## Instructions for the task:
Repeat the data that follows, word for word, without the images.

## Recorded information:
+-------+
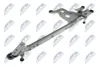 NTY EMW-AU-015 Wischergestänge für AUDI A4 B9 Avant (8W5, Produktbild-Vorschau 2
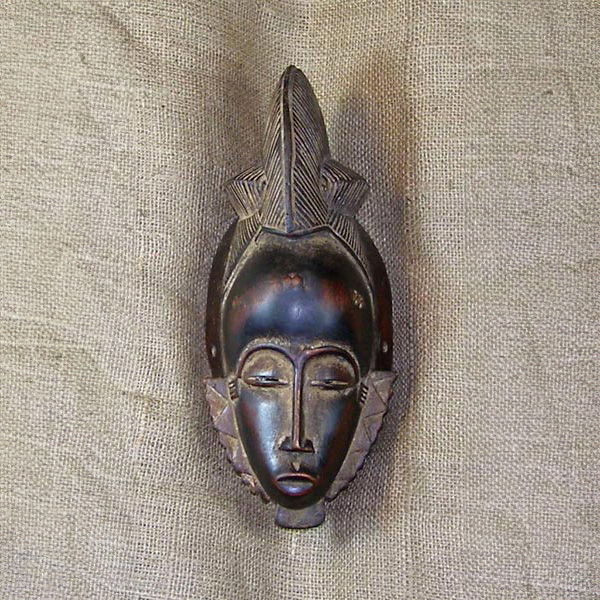 Baule Mask 45 front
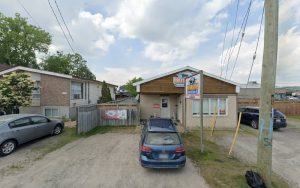 Precious Paws Doggie Daycare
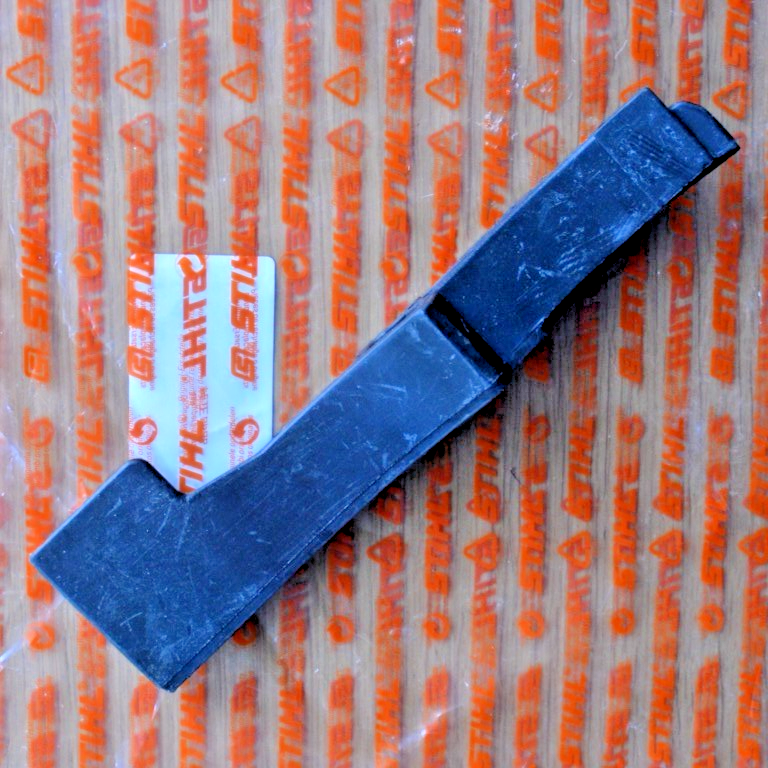 Genuine Stihl Guard Rubber Deflector MS881 MS880 1124 656 1505 Tracked Options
+-------+
## Solution to the exercise:
 NTY EMW-AU-015 Wischergestänge für AUDI A4 B9 Avant (8W5, Produktbild-Vorschau 2
 Baule Mask 45 front
 Precious Paws Doggie Daycare
 Genuine Stihl Guard Rubber Deflector MS881 MS880 1124 656 1505 Tracked Options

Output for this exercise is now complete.